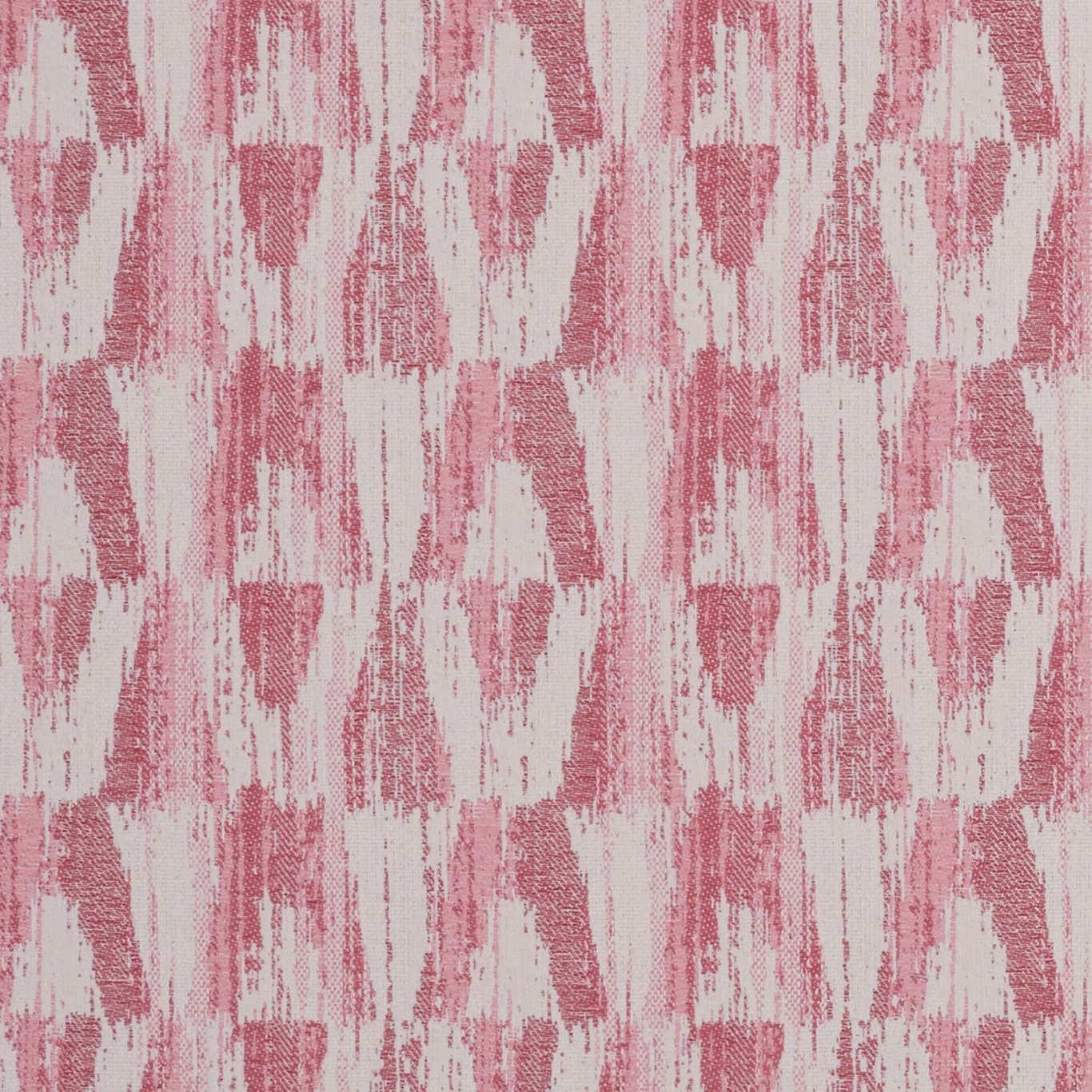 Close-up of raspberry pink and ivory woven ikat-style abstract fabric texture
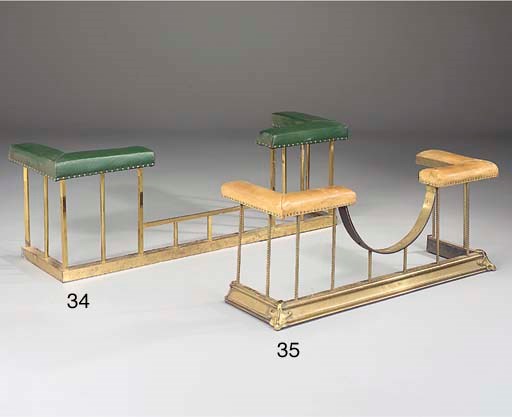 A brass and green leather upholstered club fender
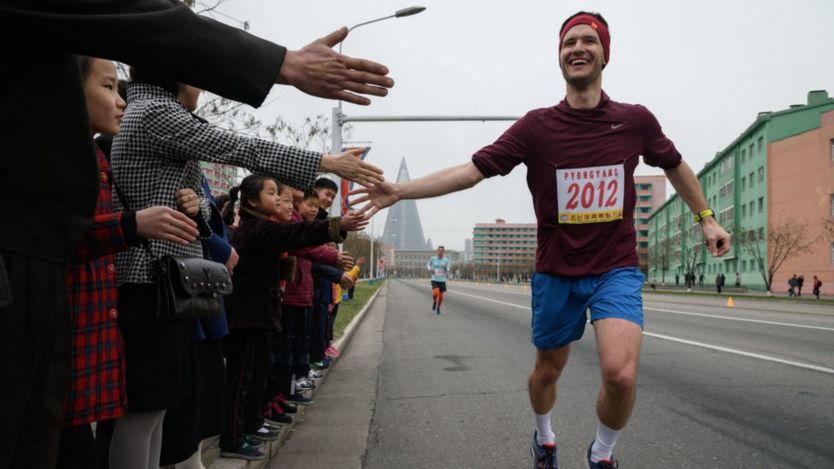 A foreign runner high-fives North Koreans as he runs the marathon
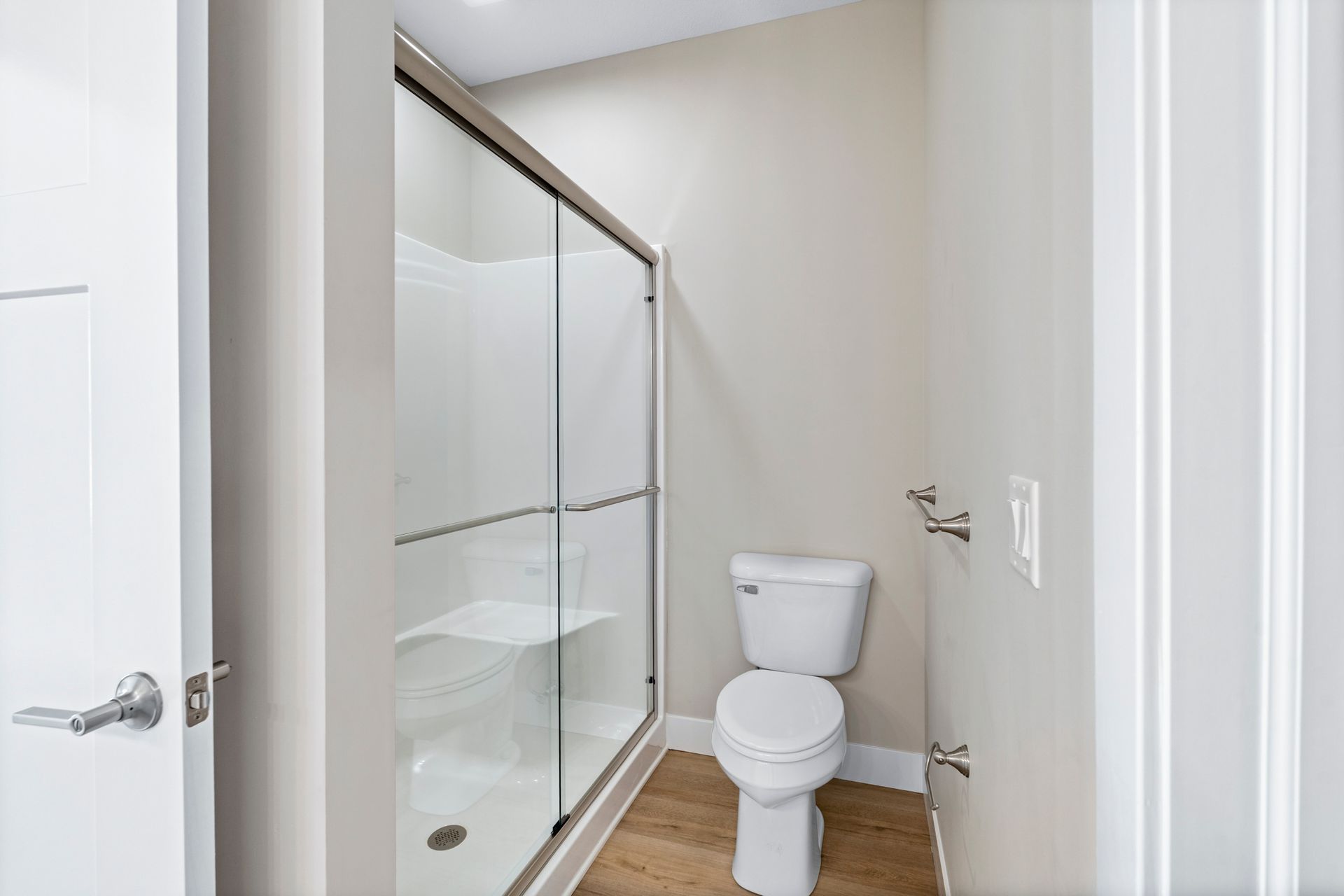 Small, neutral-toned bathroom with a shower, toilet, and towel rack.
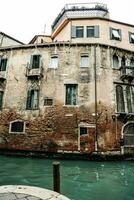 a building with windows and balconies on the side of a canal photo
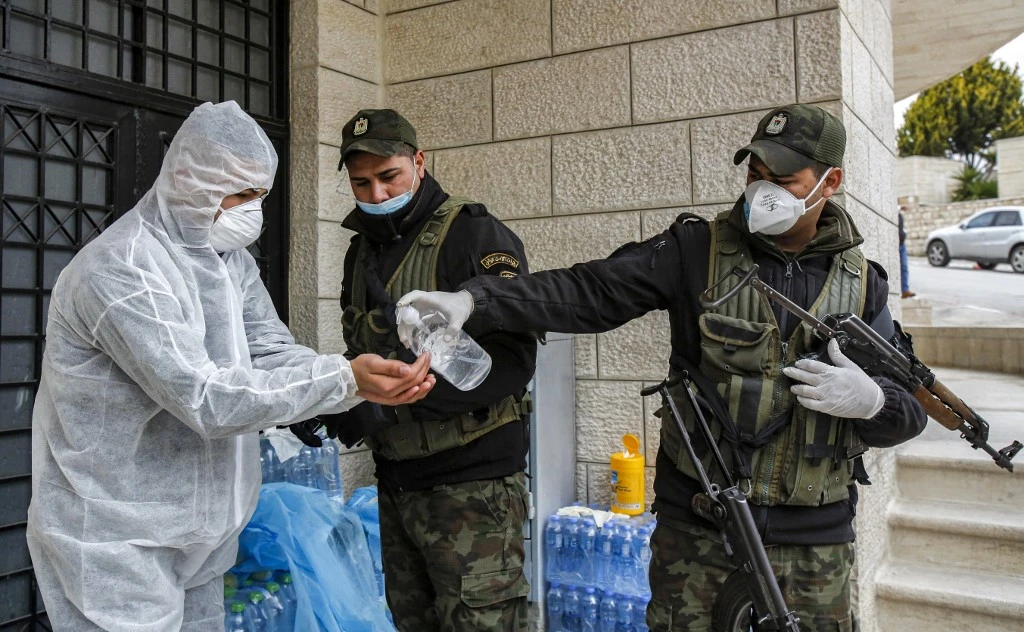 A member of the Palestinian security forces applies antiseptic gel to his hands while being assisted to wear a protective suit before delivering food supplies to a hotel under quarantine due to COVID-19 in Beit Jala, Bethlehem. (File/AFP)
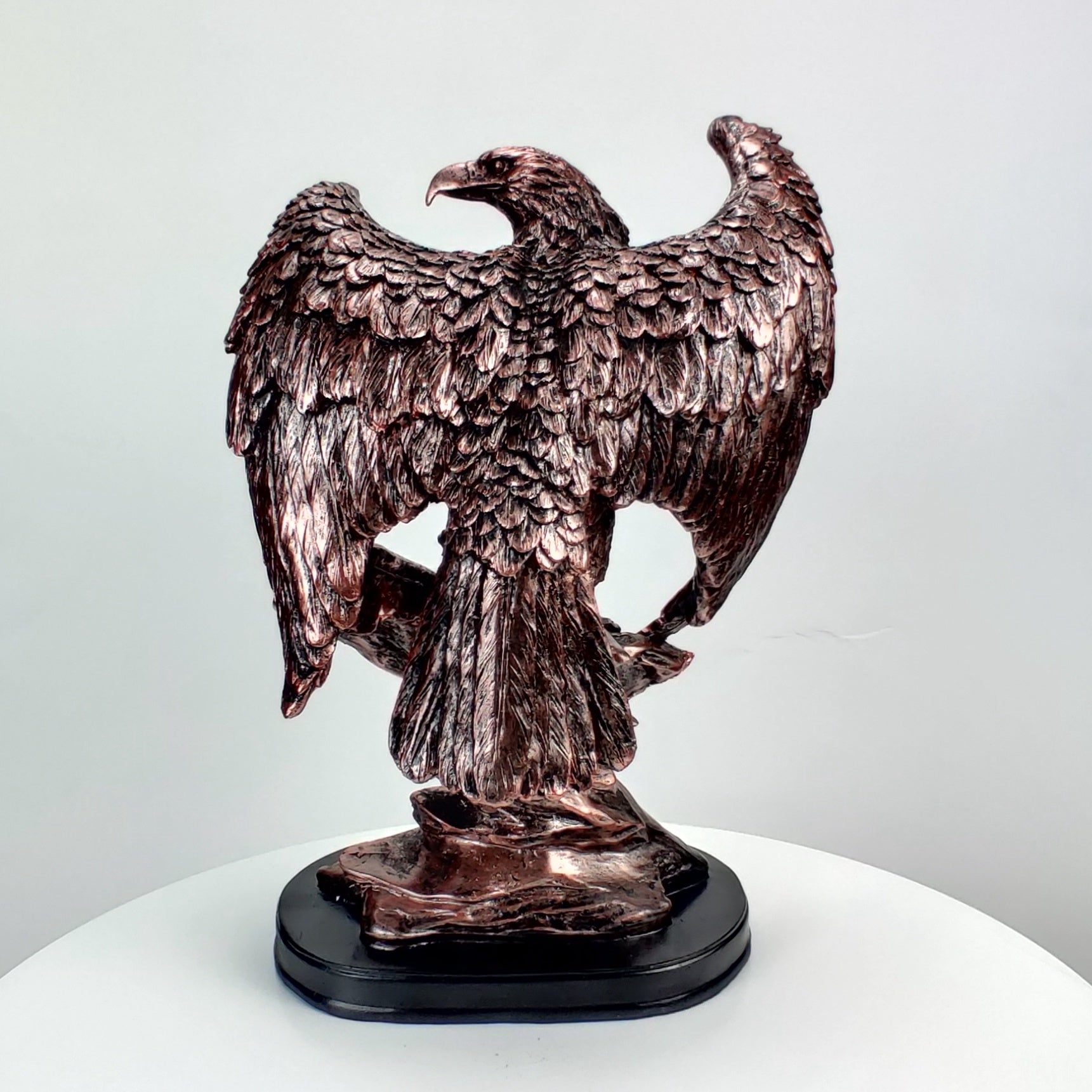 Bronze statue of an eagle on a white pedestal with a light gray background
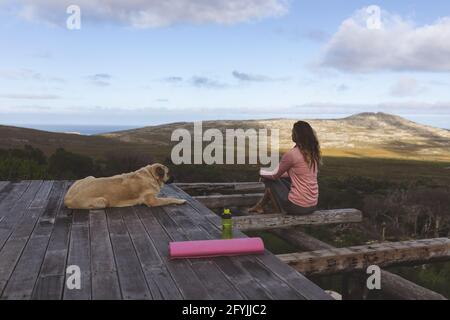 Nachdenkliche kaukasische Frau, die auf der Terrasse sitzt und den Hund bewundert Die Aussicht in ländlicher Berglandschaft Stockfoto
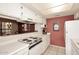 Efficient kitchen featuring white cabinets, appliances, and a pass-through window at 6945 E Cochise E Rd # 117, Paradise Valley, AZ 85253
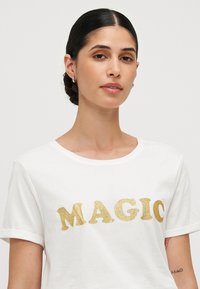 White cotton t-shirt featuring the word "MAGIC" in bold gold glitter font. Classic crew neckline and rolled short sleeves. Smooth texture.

Aim of the task: Reproduce all entries without any change, and omit the pictures.

Solution to this task:
 Close-up of raspberry pink and ivory woven ikat-style abstract fabric texture
 A brass and green leather upholstered club fender
 A foreign runner high-fives North Koreans as he runs the marathon
 Small, neutral-toned bathroom with a shower, toilet, and towel rack.
 a building with windows and balconies on the side of a canal photo
 A member of the Palestinian security forces applies antiseptic gel to his hands while being assisted to wear a protective suit before delivering food supplies to a hotel under quarantine due to COVID-19 in Beit Jala, Bethlehem. (File/AFP)
 Bronze statue of an eagle on a white pedestal with a light gray background
 Nachdenkliche kaukasische Frau, die auf der Terrasse sitzt und den Hund bewundert Die Aussicht in ländlicher Berglandschaft Stockfoto
 Efficient kitchen featuring white cabinets, appliances, and a pass-through window at 6945 E Cochise E Rd # 117, Paradise Valley, AZ 85253
 White cotton t-shirt featuring the word "MAGIC" in bold gold glitter font. Classic crew neckline and rolled short sleeves. Smooth texture.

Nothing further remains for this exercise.